Antes de la Ilustración existían claramente “los de arriba” y “los de abajo”. Muy recientemente, ello se transformó en “los de izquierda” y “los de derecha”. Está bien. Es una discriminación como otra cualquiera. Separa a unos, une a otros. Distribuye las fuerzas del contrato social como si nunca nadie hubiese leído El contrato social. Antes de la Ilustración sólo los de arriba se atrevían a atacar y derrocar a los de arriba. Ahora, definitivamente igualados, y conscientes de que el poder no es divino y eterno –y por lo tanto se trata de un bien conquistable–, la tentación continua es la de subvertir las jerarquías: quitar a unos, ponerse los que los han quitado. Qué revolucionaria es la revolución. La revolución desune y produce grandes emociones y pensamientos imperfectos en los cuales abrevar –y abrevamos en ellos hasta la muerte por esas grandes emociones y esos magníficos pensamientos imperfectos–. No es necesario, el contrato social no precisa de revoluciones para ser justo.
La cúpula de quinientas toneladas de un telescopio moderno puede moverse con un solo dedo, una persona se apoya simplemente en el lugar adecuado y las quinientas toneladas entran en movimiento.
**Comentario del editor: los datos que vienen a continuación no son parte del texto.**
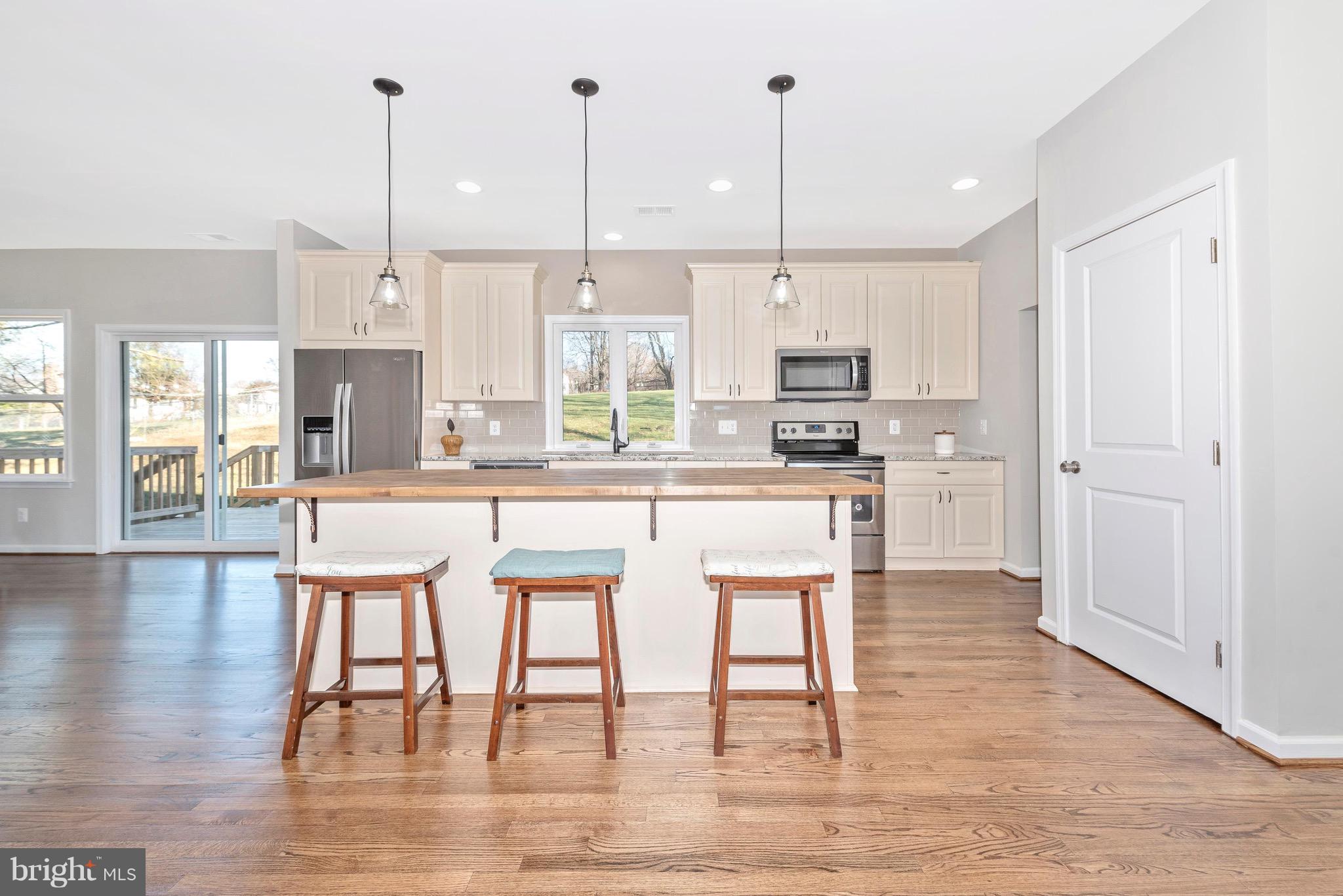 5411 Sidney Road Mount Airy, MD 21771 - Photo 8 of 32 Open custom kitchen with large island.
Un solo dedo mueve las quinientas toneladas. Esa es su justeza (su justicia). Fuera de la vista, en la base, se ha dispuesto una lámina de aceite que lo permite. Se diría que hay personas que creen que los grandes cambios sociales se producen gracias a la acción de su dedo, mientras que desconocen que existe una pequeña película de aceite que permite el movimiento y un magnífico dispositivo que propicia que el movimiento se realice en perfecto equilibrio, llevando el telescopio, no a donde le gustaría al dedo (arbitraria, ideológicamente), sino al sitio que le corresponde tras la acción y el concurso de todas las fuerzas.
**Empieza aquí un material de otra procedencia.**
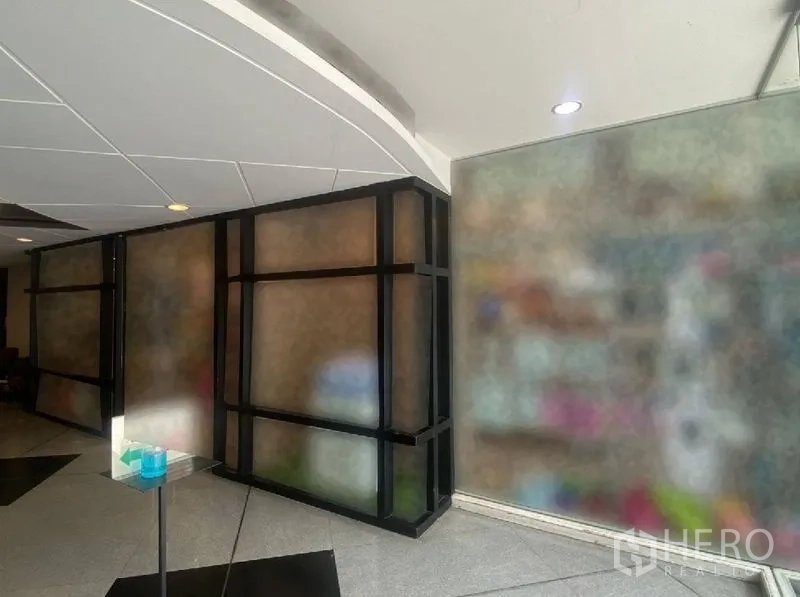 零售空间 出租在Watthana, Bangkok - 室内走廊视角，黑色框架玻璃隔断与弧形白色天花。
“¡Esto hay que llevarlo a la izquierda!”, dicen, y empujan con el dedo en esa dirección, mientras el telescopio gira a la derecha y, si el dedo se excede en su presión, todo acaba, una vez completada la vuelta, allí donde hubiese acabado en caso de haber dicho lo contrario: “¡Esto hay que llevarlo a la derecha!”. Y sí, efectivamente, ¿qué sucede con los que dicen “¡esto hay que llevarlo a la derecha!”? ¡Lo mismo! Ambos caminos políticos, si se continúan hasta donde le gustaría a los entrañables vampiros que somos, conducen al pasado.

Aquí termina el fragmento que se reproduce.